NEW YORK, Jul 06 (Reuters) -- Since brain malignancies seldom spread to other parts of the body, most experts agree that the organs of patients who died due to a brain tumor can be safely donated to patients in need.
However, a report in this week's issue of The Lancet describes a case of fatal brain tumor, apparently transmitted from donor to recipient through liver transplant.
The report "justifies caution with and further investigation of the use of patients with brain tumors as organ donors," conclude Drs. Patrick Healey and Connie Davis of the University of Washington Medical Center in Seattle.
Their commentary accompanies a report by researchers at the Technical University of Dresden, in Germany.
The German team report the case of a 47-year-old liver donor who died after developing glioblastoma multiforme, an incurable, lethal form of brain tumor. An autopsy performed soon after the patient's death revealed no apparent sign of cancer spread.
The patient's liver was subsequently transplanted into the body of a 29-year-old recipient. The researchers say the recipient developed cancers at various sites (including the brain) soon after the transplant, and died about 5 months later.
After conducting DNA and laboratory testing, the investigators concluded that all of the recipient's cancers were "donor-related."
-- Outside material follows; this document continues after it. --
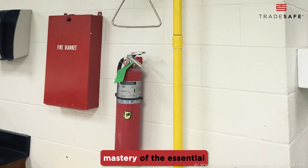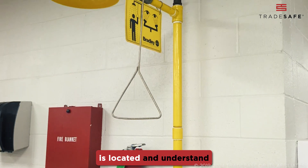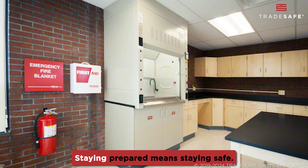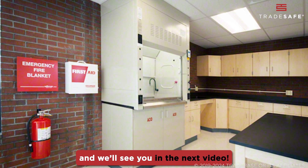And that's a wrap on our mastery of essential lab safety equipment. Remember to always know where your safety equipment is located and understand the correct usage of each piece. Staying prepared means staying safe.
In their editorial, Healey and Davis note that about 1% of all transplanted organs originate in donors who have succumbed to some form of brain tumor. They explain that since only a very small minority of all brain tumors ever spread to other body areas, "the policy of the United Network for Organ Sharing (UNOS) in the USA is that...(most types of) brain tumours are acceptable in an organ donor."
Healey and Davis believe the possibility of a small risk of transplant-related cancers must be weighed against the fact that nearly 1,000 patients die each year while waiting for transplant. "There are too few organs for transplantation for 1% of the liver-donor pool, as well as 1% of the total organ-donor pool, to be dispensed with," the Seattle authors conclude.
They suggest that livers procured from deceased brain cancer patients be offered first to "those (individuals) who would die without an immediate transplant."
Responding to the issue, UNOS has recently set up a special computerized database aimed at tracking cancer incidence (and therefore, risk) among US organ recipients. SOURCE: The Lancet 1998;352:2-3, 31.